Il recupero del racconto è un processo che sta andando avanti da qualche anno. Solo nel 2016 sono stati raccolti pubblicati in lingua italiana tutti i racconti di Virginia Woolf, contenuti nel volume Oggetti Solidi.
Questi sono solo alcuni degli elementi che ci permettono di parlare di un rilancio di genere.
Un recupero che vede coinvolti non solo i singoli autori, ma l’intera industria dell’editoria, che sta facendo un’operazione di rilancio sul mercato, che vede coinvolte le grandi case editrici – che tendenzialmente puntano sui grandi nomi – ma soprattutto le case editrici indipendenti che si rivolgono ad un pubblico più ristretto. Un rilancio che spinge a delle riflessioni.
Prima di tutto, il fatto che questa operazione stia dando dei risultati su un fronte economico significa che va a soddisfare le richieste di una fascia di lettori non indifferente; il genere del racconto merita rispetto e bisogna necessariamente uscire dai luoghi comuni che lo vedono come genere di serie b. Ma ci racconta anche qualcosa della nostra società.

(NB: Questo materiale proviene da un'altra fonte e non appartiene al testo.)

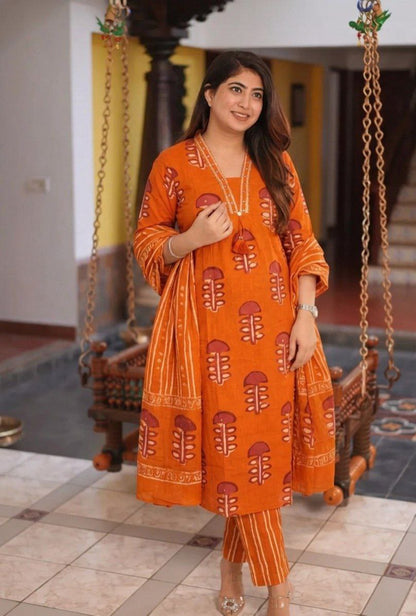 VARY BEAUTIFUL PURE MUL COTTON JAIPURI BLOCK PRINT SUIT SET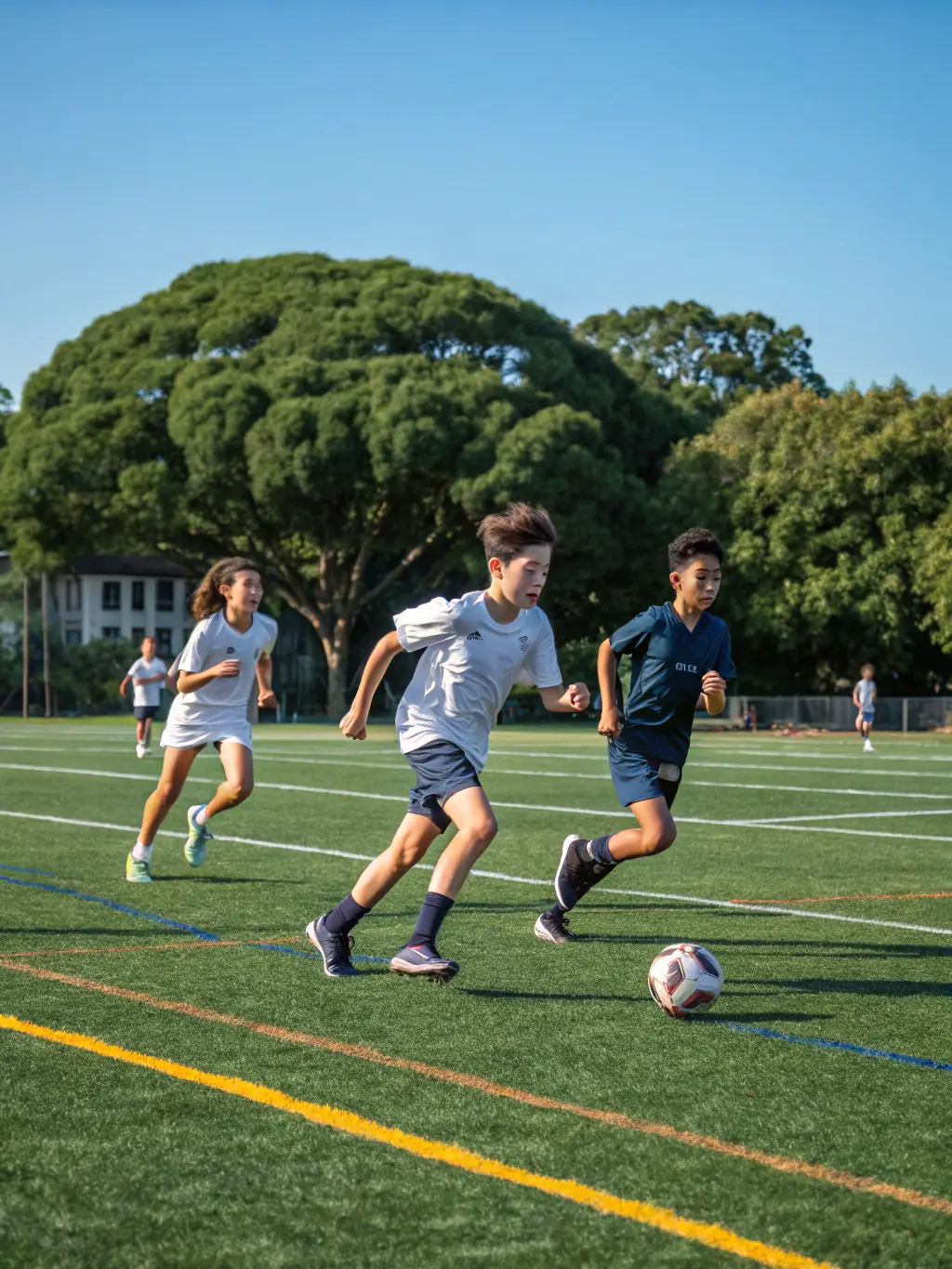 A photo of children and adults playing football in the local sports field, showcasing community engagement.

Una società che è in continuo movimento, frenetica, che lascia poco tempo alla lettura. Dove l’immagine ha la supremazia sulla parola. Una società fatta di sovraesposizione e in continuo mutamento. Segnato dal marchio dell’instabilità, dell’immediatezza, della fruibilità per fagocitazione fast motion. Una società liquida.